* [ABOUT THIS EXERCISE] The entries that follow should be repeated exactly, with no pictures kept.

================================

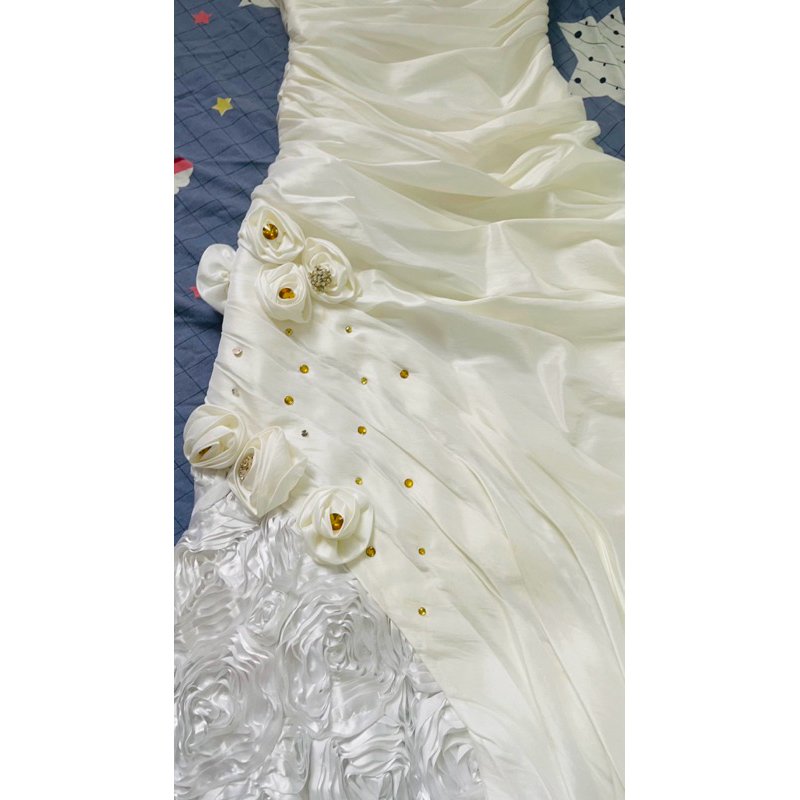 Thanh lý đầm cưới hiệu ORLY FARHO Paris vai lệch bên dáng hoa hồng thiết kế cao cấp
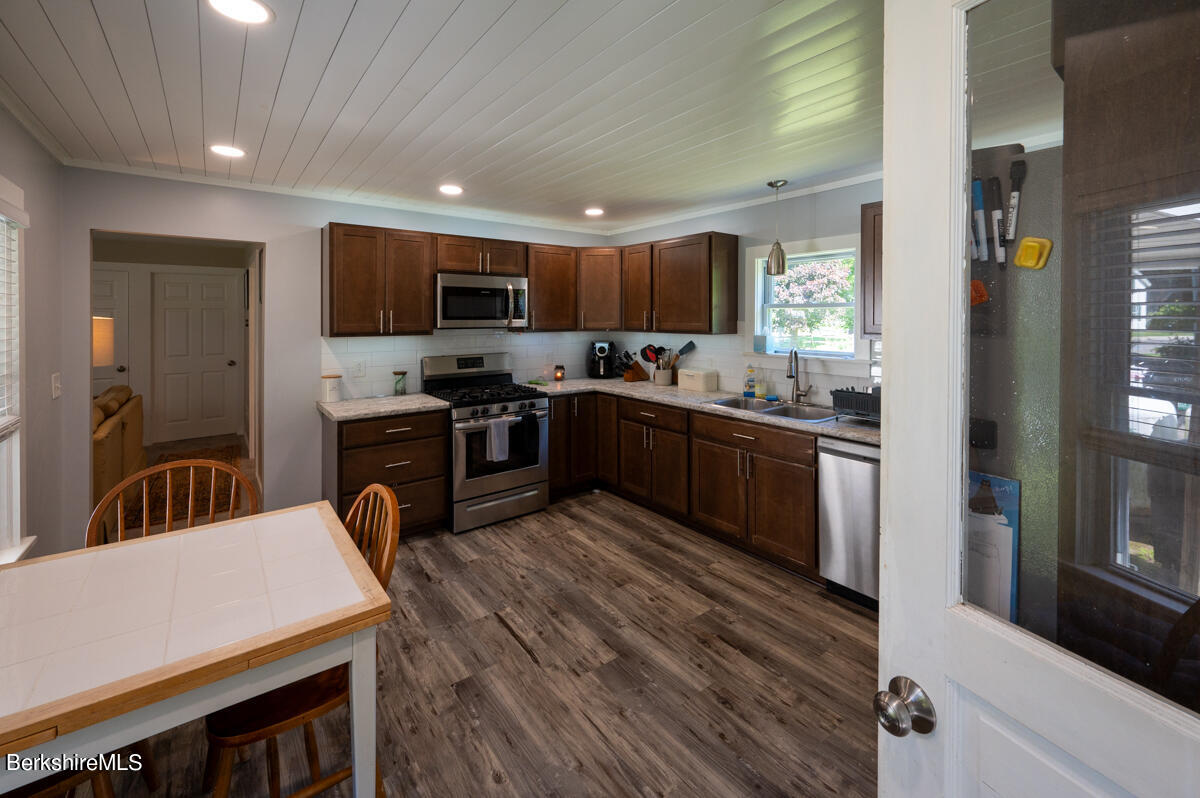 211 Branch Street Bennington, VT 05201 - Photo 4 of 24 Kitchen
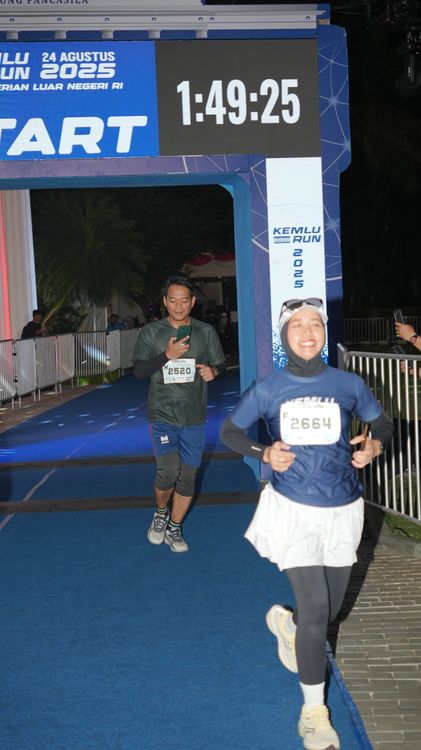 Race photo from KEMLU RUN 2025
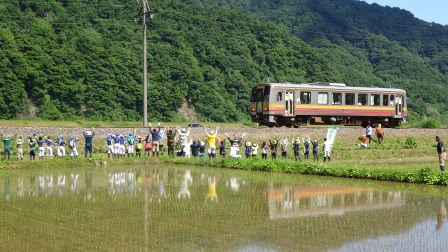 手を振る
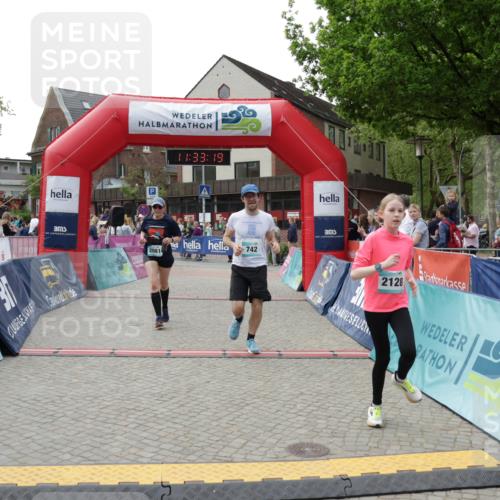 10.05.2026 - 8. Wedeler Halbmarathon Yannick Fuchs http://msf.ph/oto/9715809 10.05.2026 11:33:17 Ziel 742, 2107, 2118, 2128, 2195 meine-sportfotos.de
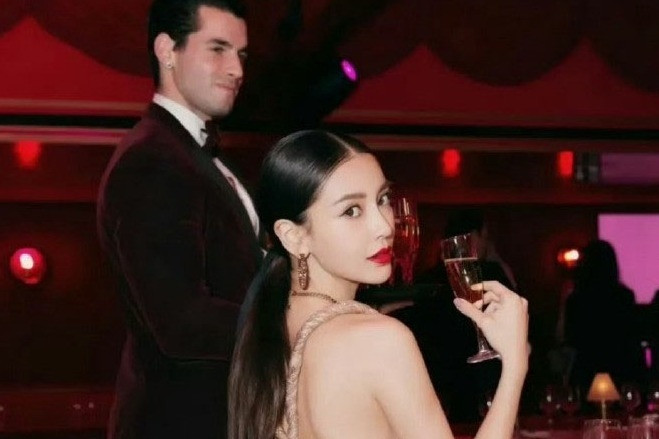 Angelababy bị 'cấm sóng' vì xem Lisa biểu diễn ở Crazy Horse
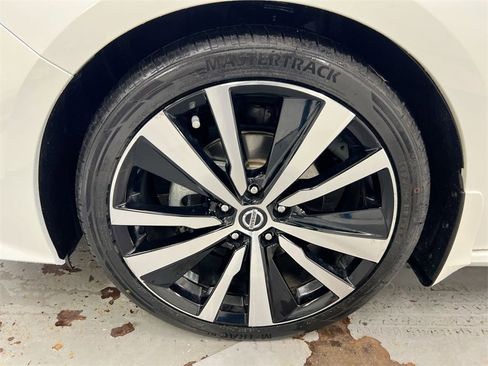 Used 2021 Nissan Altima 2.5 SR w/ SR Premium Package image 26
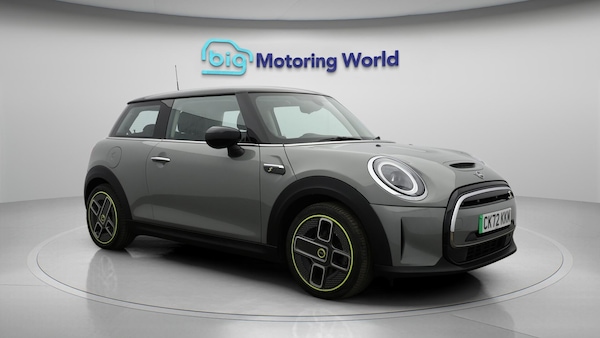 Used MINI Electric Hatch 2022 for sale - 76060029: Photo 2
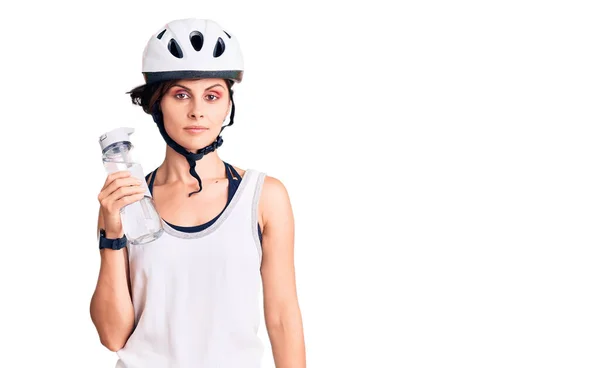 漂亮的年轻女子 留着自行车头盔 头戴水瓶 思维端庄 表情沉着 看上去很自信 — 图库照片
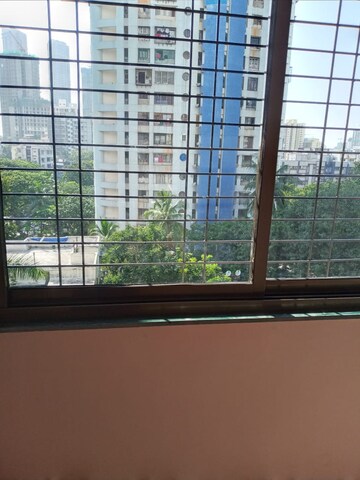 Room in 1 RK Apartment at Royal Nest Malad West, Malad West – for Sale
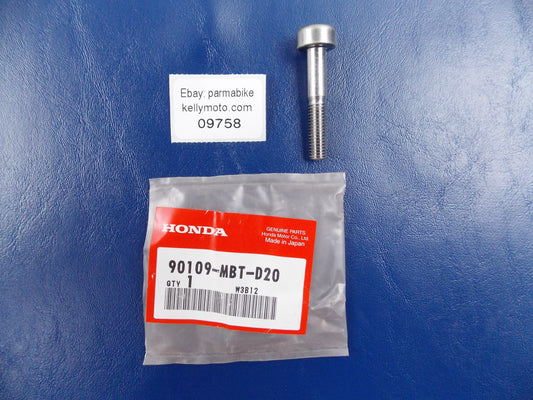 NOS OEM HONDA XL1000V 2003-08/XL125V 2007-11 BOLT SOCKET 8x45 90109-MBT-D20 - MotoRaider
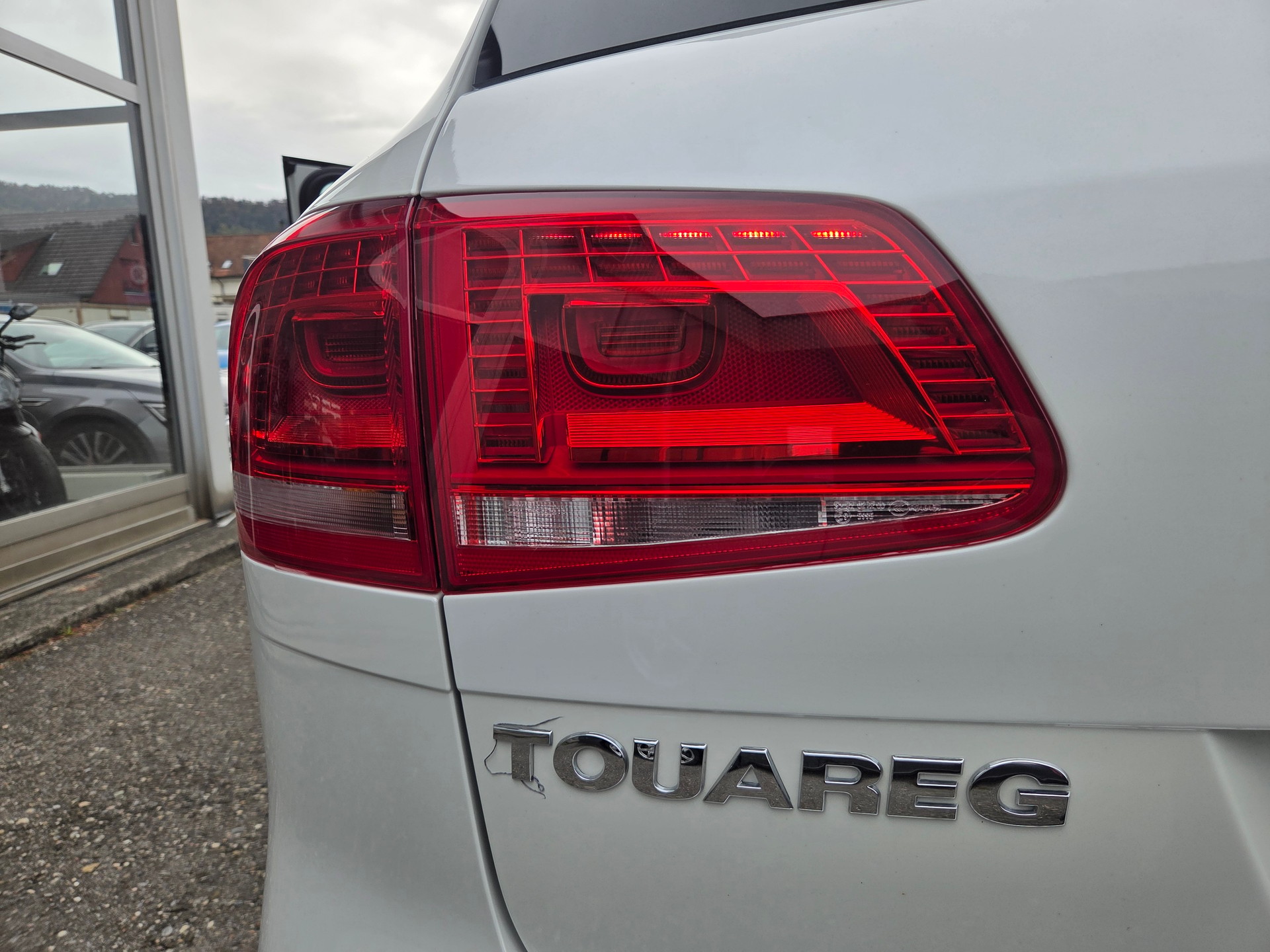 VW Touareg 3.0 TDI BMT R-Line Peak Tiptronic-image-31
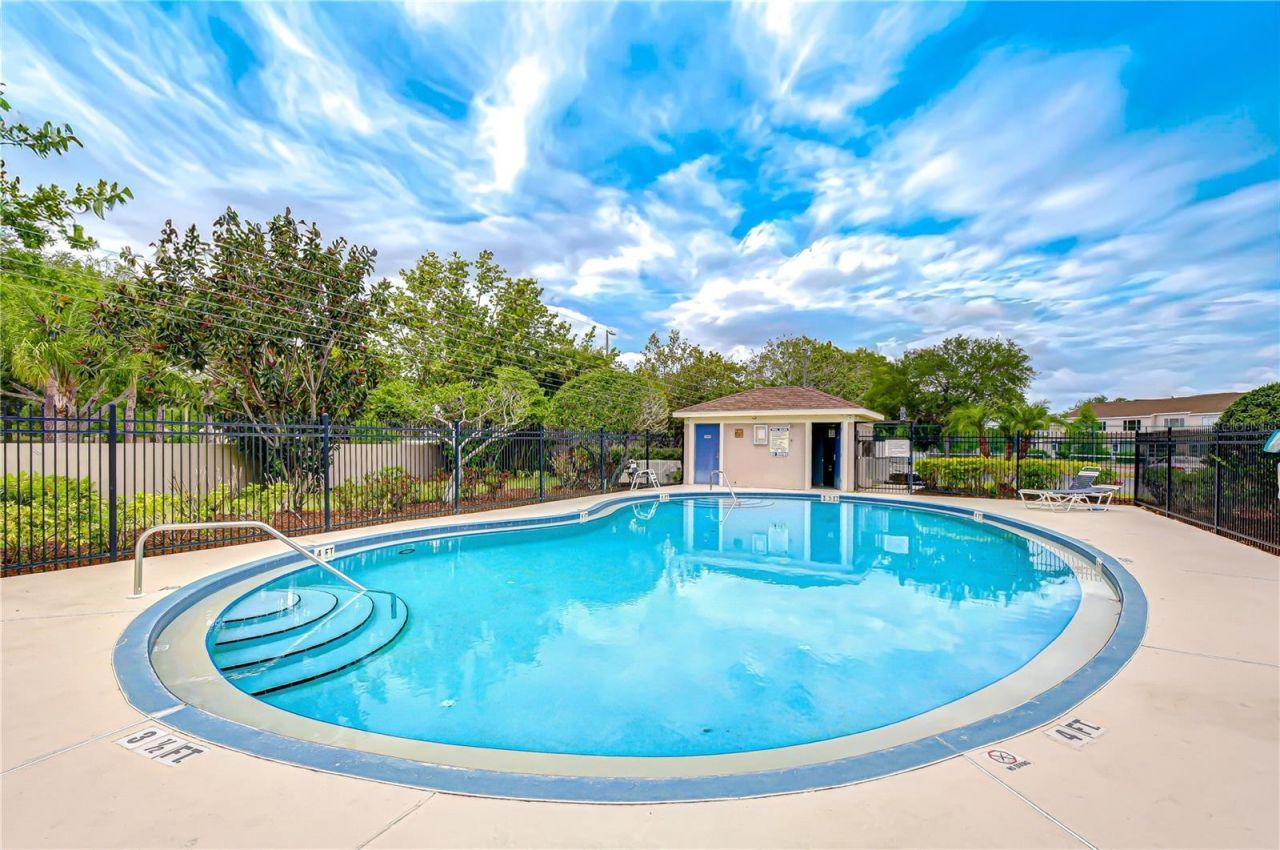 6335 Bayside Key Drive, Tampa, FL 33615 Photo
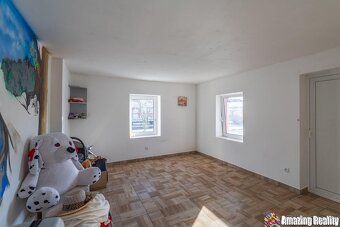 Prodei komerční nemovitosti v obci Zvěstovice. - 11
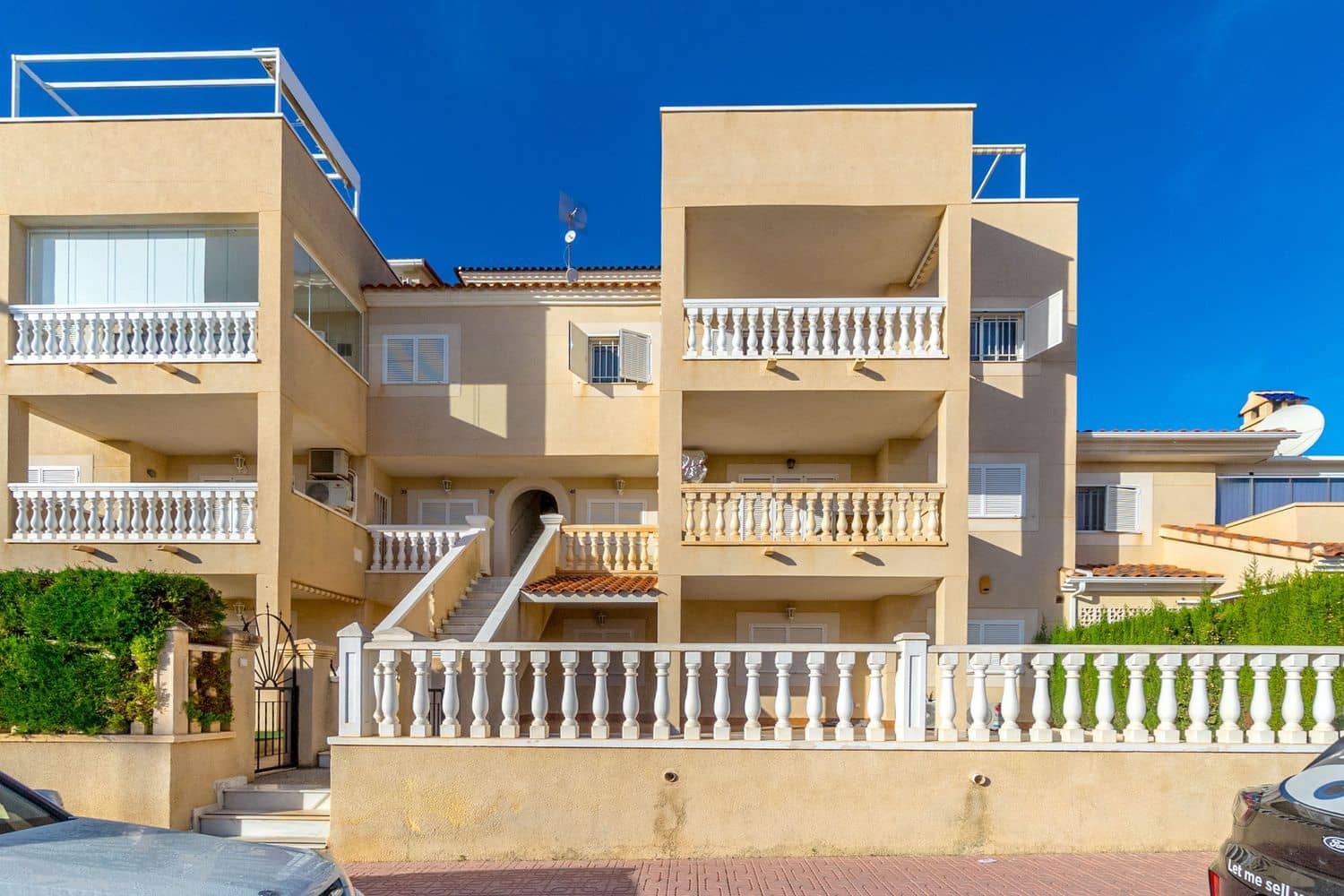 3 soverom Leilighet til salgs i Orihuela Costa med svømmebasseng garasje - € 229 900 (Ref: 9390028)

================================

* [REPLY]
 Thanh lý đầm cưới hiệu ORLY FARHO Paris vai lệch bên dáng hoa hồng thiết kế cao cấp
 211 Branch Street Bennington, VT 05201 - Photo 4 of 24 Kitchen
 Race photo from KEMLU RUN 2025
 手を振る
 10.05.2026 - 8. Wedeler Halbmarathon Yannick Fuchs http://msf.ph/oto/9715809 10.05.2026 11:33:17 Ziel 742, 2107, 2118, 2128, 2195 meine-sportfotos.de
 Angelababy bị 'cấm sóng' vì xem Lisa biểu diễn ở Crazy Horse
 Used 2021 Nissan Altima 2.5 SR w/ SR Premium Package image 26
 Used MINI Electric Hatch 2022 for sale - 76060029: Photo 2
 漂亮的年轻女子 留着自行车头盔 头戴水瓶 思维端庄 表情沉着 看上去很自信 — 图库照片
 Room in 1 RK Apartment at Royal Nest Malad West, Malad West – for Sale
 NOS OEM HONDA XL1000V 2003-08/XL125V 2007-11 BOLT SOCKET 8x45 90109-MBT-D20 - MotoRaider
 VW Touareg 3.0 TDI BMT R-Line Peak Tiptronic-image-31
 6335 Bayside Key Drive, Tampa, FL 33615 Photo
 Prodei komerční nemovitosti v obci Zvěstovice. - 11
 3 soverom Leilighet til salgs i Orihuela Costa med svømmebasseng garasje - € 229 900 (Ref: 9390028)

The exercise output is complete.